Task instructions:
Exactly as written, return every line of the data below apart from the pictures.

Given material:
══════════
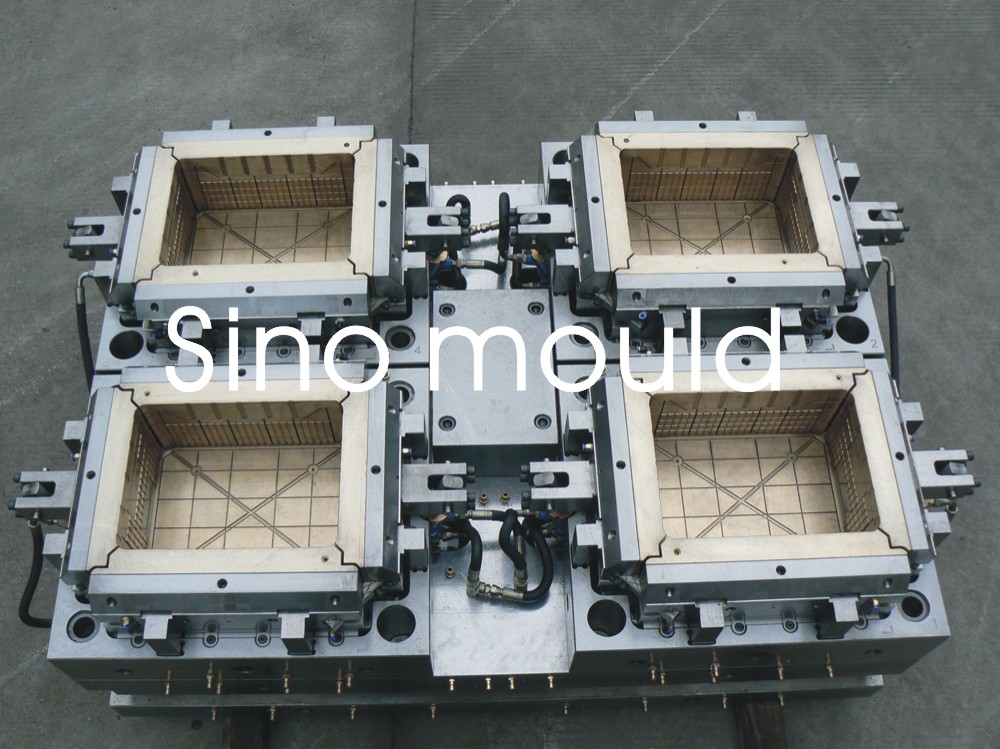 crate mould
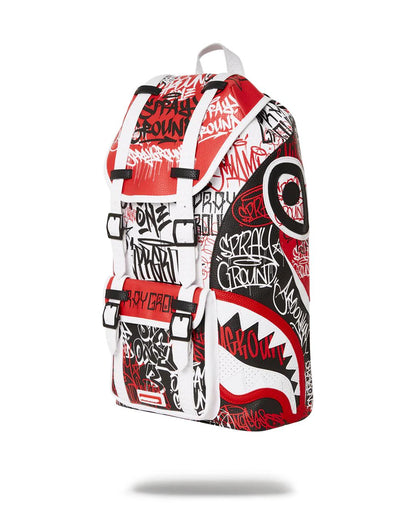 MYSTERIOUS MASTERMIND HILLS BACKPACK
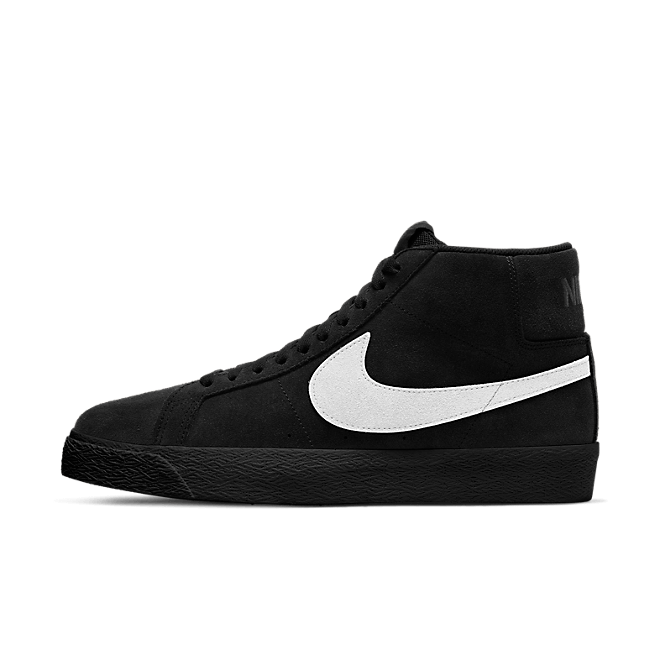 Nike SB Zoom Blazer Mid 864349-007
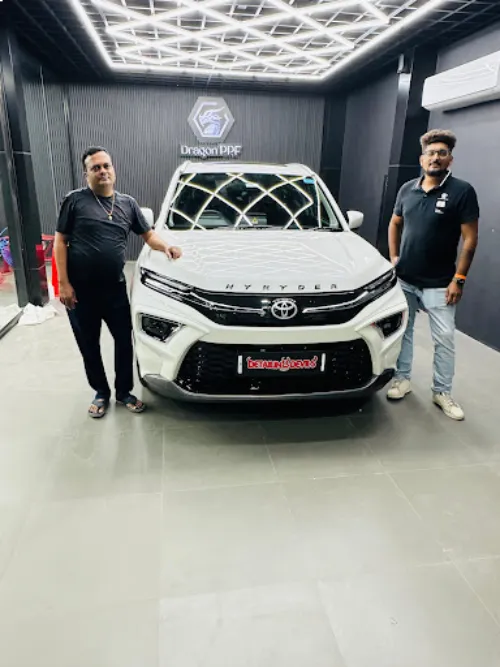 Detailing Devils Vadodara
══════════
Written reply:
 crate mould
 MYSTERIOUS MASTERMIND HILLS BACKPACK
 Nike SB Zoom Blazer Mid 864349-007
 Detailing Devils Vadodara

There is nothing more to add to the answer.